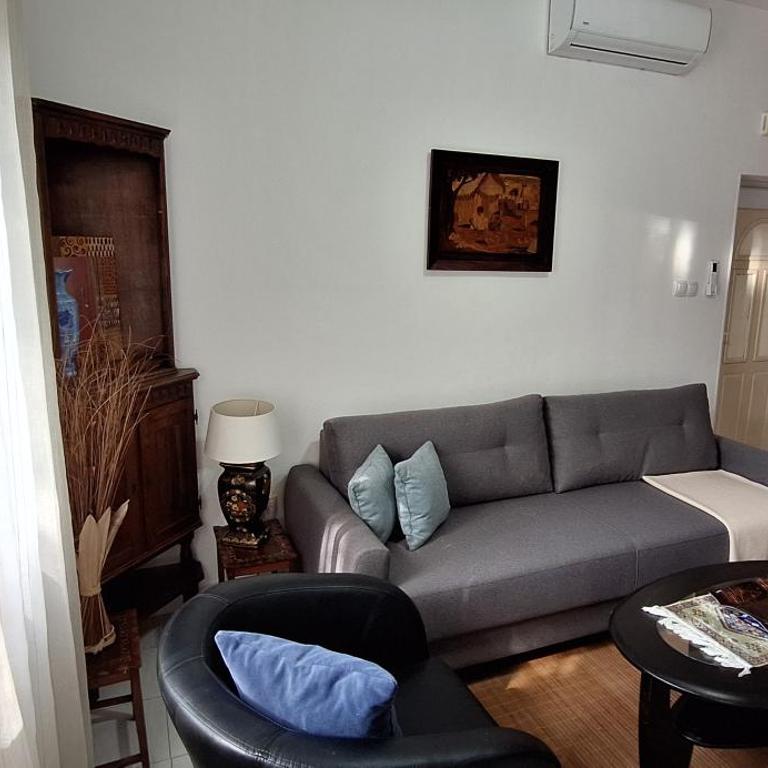 Apartments 101 - Apartment - 27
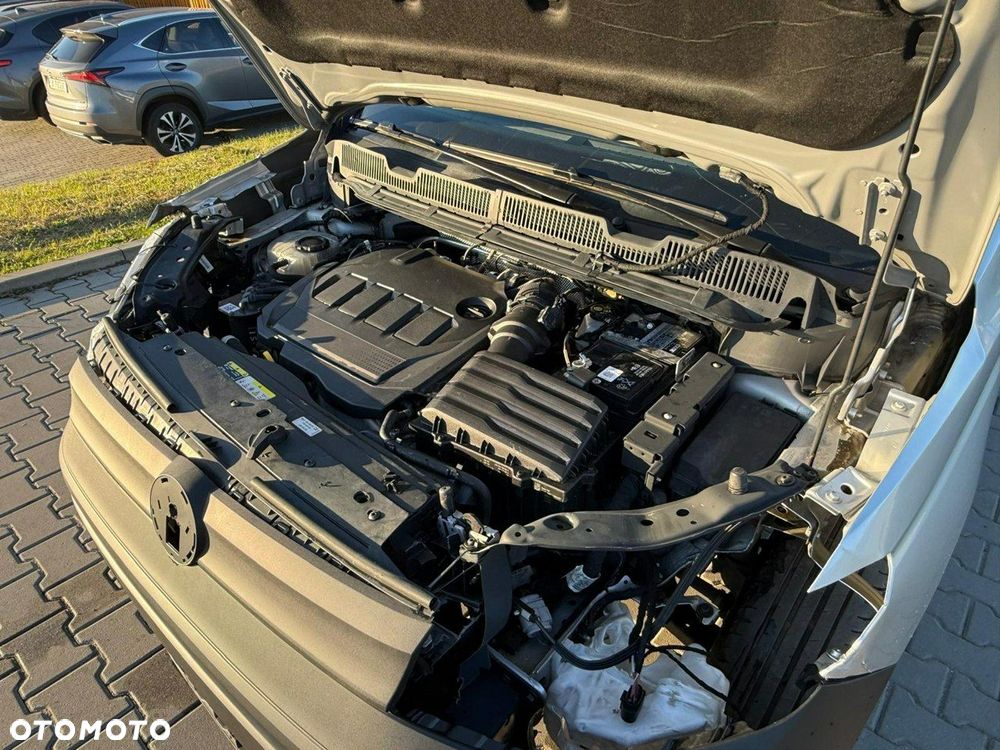 Volkswagen Caddy - 8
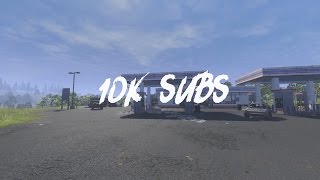 H1Z1 - 10K Subs Sniper Montage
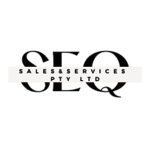 SEQ Sales & Services PTY LTD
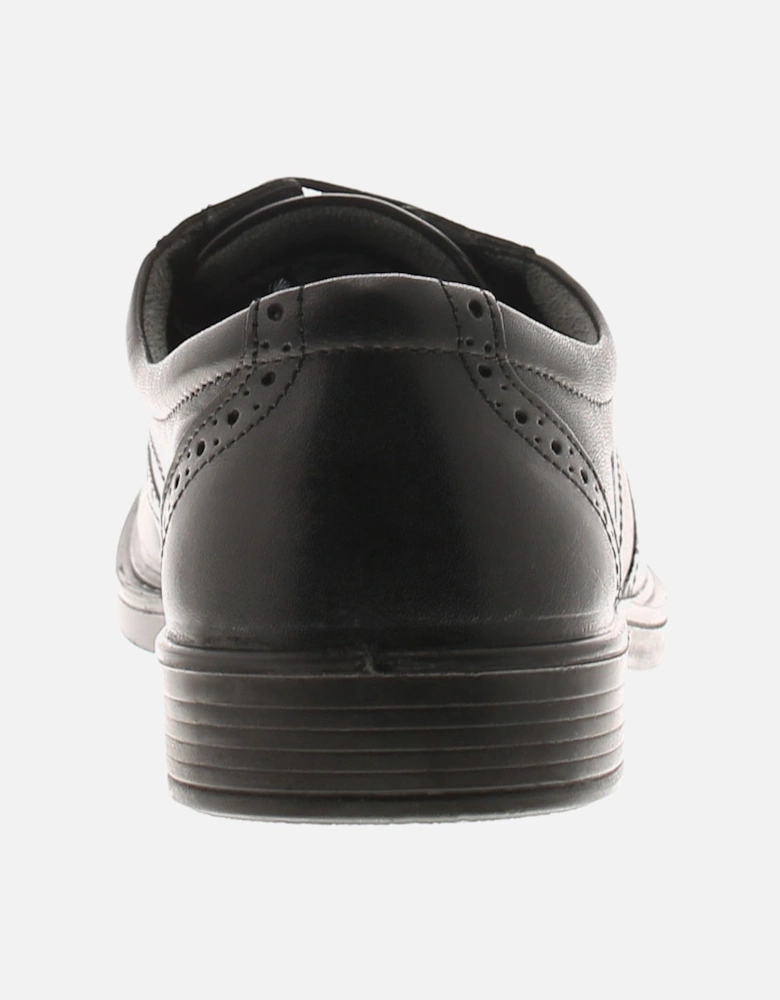 Men'S Leather B Men's Shoes UK Size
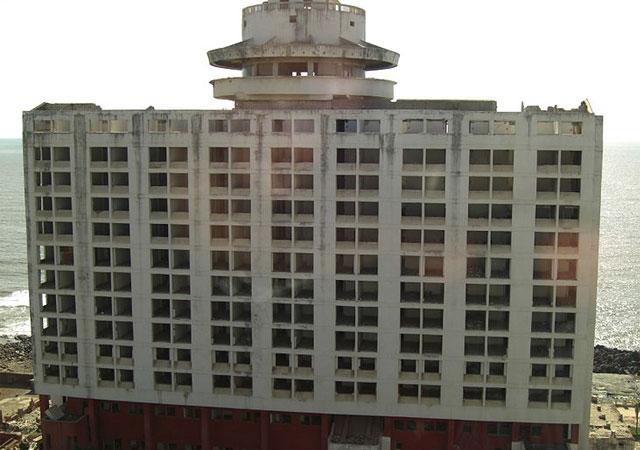 Indian Hotels to buy remaining 80% stake in Mumbai’s Sea Rock Hotel property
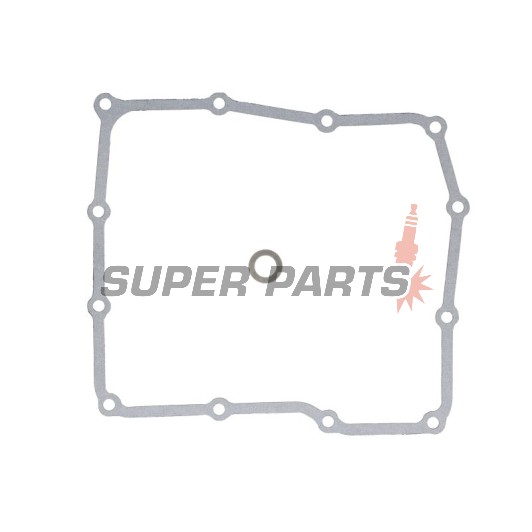 Φλάντζα κάρτερ -WINDEROSA- Honda VF 750 1994-2004, 2007-2008, Honda VFR 750 1993-1997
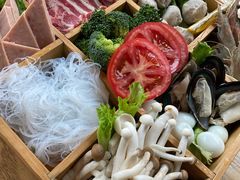 -候鸟等风来·精致西厨(万科第五城店)
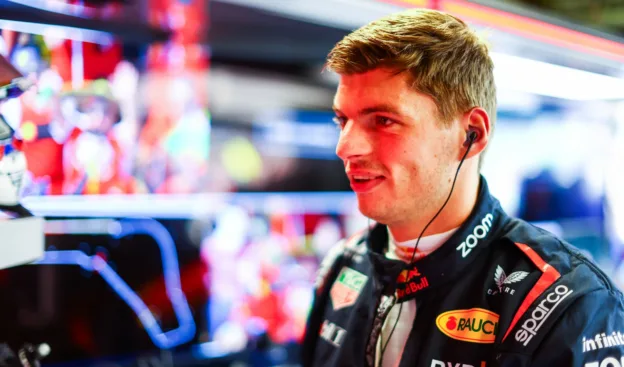 Verstappen's Insights Could Save Red Bull’s 2024 Season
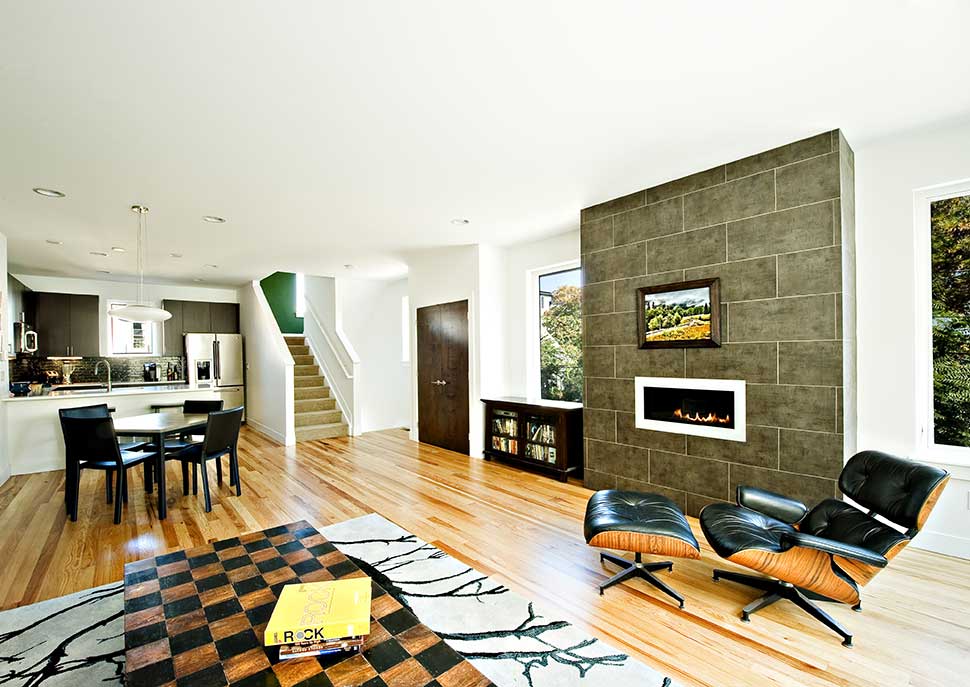 LoHi Court Townhomes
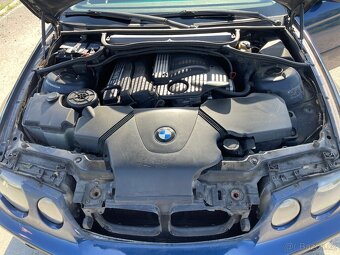 Bmw 316TI compact - 8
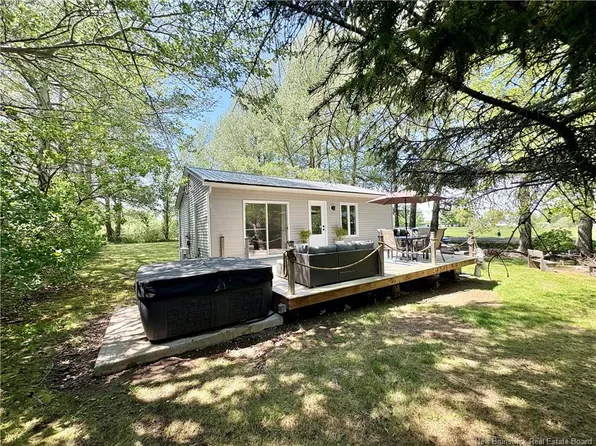 46 Surette Rd, Cocagne, NB E4R 2N6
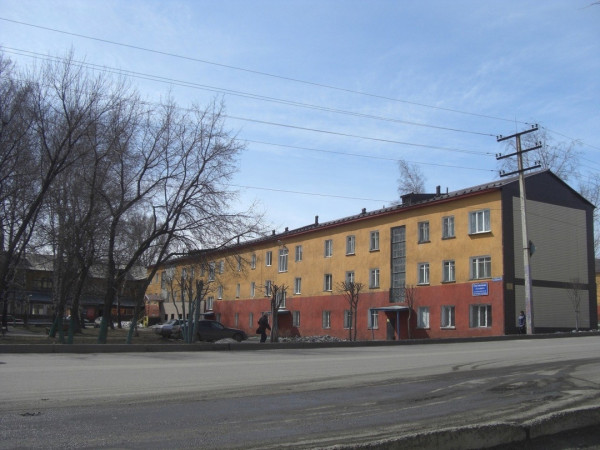 В Прокопьевске могут исчезнуть сразу несколько объектов культурного наследия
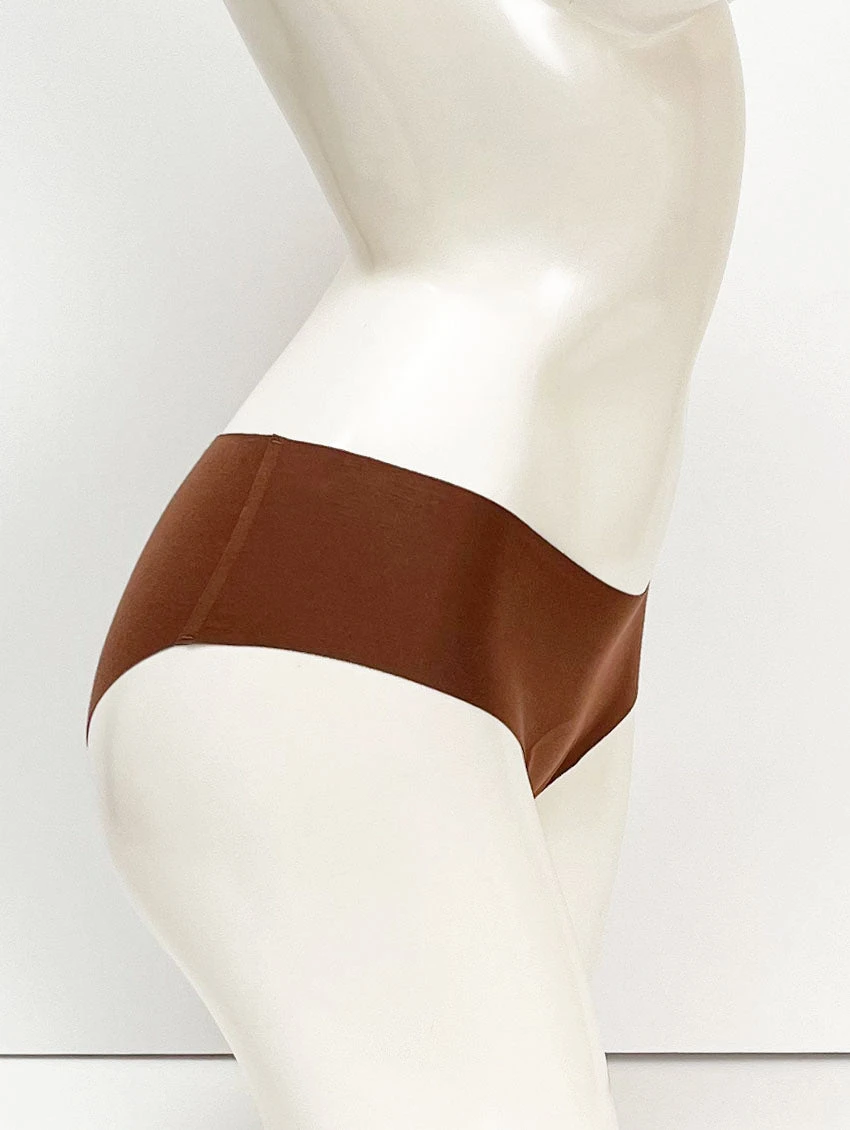 Panty Promise Mid Rise Bikini 7 Panty Promise Mid Rise Bikini - Image 5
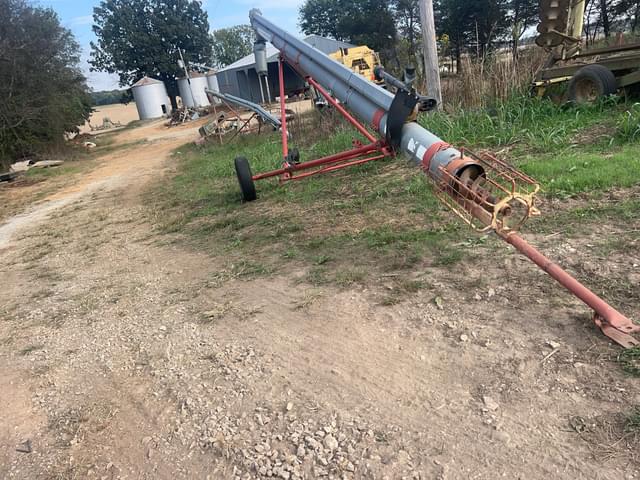 Image of GSI Undetermined equipment image 2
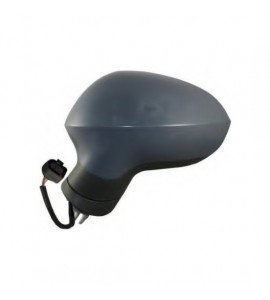 1P1857508K Leon (2011-2013) Sağ Dış Dikiz Aynası Elektirkli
━━━━
Reproduce exactly, with no pictures, the lines above from the one holding "LoHi Court Townhomes" to the one holding "Panty Promise Mid Rise Bikini 7", inclusive.

RESPONSE TO THE EXERCISE:
 LoHi Court Townhomes
 Bmw 316TI compact - 8
 46 Surette Rd, Cocagne, NB E4R 2N6
 В Прокопьевске могут исчезнуть сразу несколько объектов культурного наследия
 Panty Promise Mid Rise Bikini 7 Panty Promise Mid Rise Bikini - Image 5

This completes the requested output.